他望着楚无极眼底的决绝,突然笑出声:当年在天机阁,你总说我算不准自己的命。他将最后一道血线连入阵心,今日倒要看看,这局能不能算赢。
黑风的骨杖突然停住。
他嗅着空气中若有若无的龙息,眯起眼——那味道比之前更浓,像块肥肉吊在饿狼面前。追!他吼道,尸傀大军如潮水般转向,朝着双龙阵的方向涌去。
巫九娘倚在树后,指尖掐着枚青铜蛊。
她望着黑风远去的背影,又看向燕十三消失的密道口,嘴角扯出冷笑。楚无极,你当我看不出真假?她将蛊虫捏碎,血珠溅在地上,可黑风那蠢货...倒是省了我动手。
京都的夜更深了。
陆玄冥坐在醉梦楼前厅的主位上,面前摆着那坛二十年的女儿红。
他故意将袖口撸到肘弯,露出青白的手腕——这是他装病的惯用伎俩。
下首坐着户部侍郎的儿子,正举着酒盏调笑:陆公子这身子骨,怕是连春楼的姑娘都扛不动了吧?
满座哄笑。
陆玄冥垂眼盯着杯中酒,任由他们的笑声撞在墙上。
直到苏玉儿端着醒酒汤进来,他才咳得弯下腰,指节攥得发白。公子!苏玉儿慌忙扶住他,声音里带着哭腔,您这是何苦...

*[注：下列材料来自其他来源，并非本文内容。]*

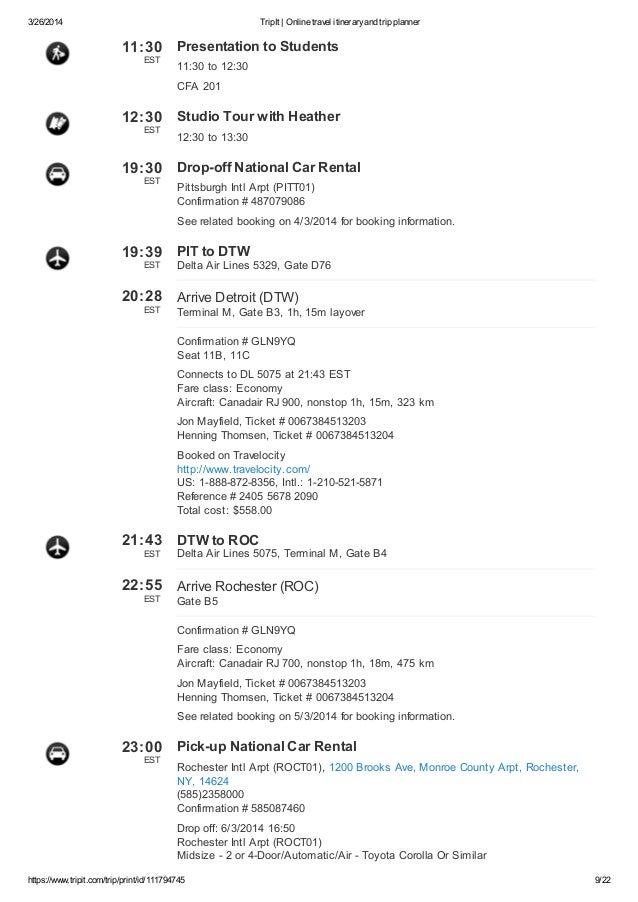 trip it online travel itinerary and trip planner online travel planner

无妨。他摆了摆手,借着苏玉儿的力站起来,我回房歇了。经过户部公子身边时,他踉跄着撞翻酒坛,琥珀色的酒液溅在对方锦袍上。对不住。他含混道,脚步虚浮地上了楼。
楼下的笑声更响了。
有人摸着下巴低语:听说他咳血都半月了...话音未落,便被户部公子打断:管他呢,这样的废物,死了才好。
陆玄冥站在二楼栏杆后,望着楼下的灯红酒绿。
他摸出怀里的密报——三皇子今日召了五位谋士进府,连禁卫军的统领都去了。急了。他轻声说,嘴角勾起抹极淡的笑,急着当执棋人,却不知自己早成了棋子。
子时三刻,天机阁密室。
陆玄冥将玄冥玉佩放在烛火上,跳动的火焰映得玉面发亮。
龙纹突然活了般游动起来,一道暗金色的光从玉中渗出,在墙上投出模糊的影子——是两个字,逆命者。
他的手猛地一抖,玉佩当地掉在案上。
烛火呼地窜高,将影子拉得老长。
窗外突然炸响惊雷,他转头望去,雷光劈开云层,照亮了城西郊外的一座山包——那山包他曾路过,原以为是普通土丘,此刻却显露出青灰色的石棱,像座被掩埋的古墓。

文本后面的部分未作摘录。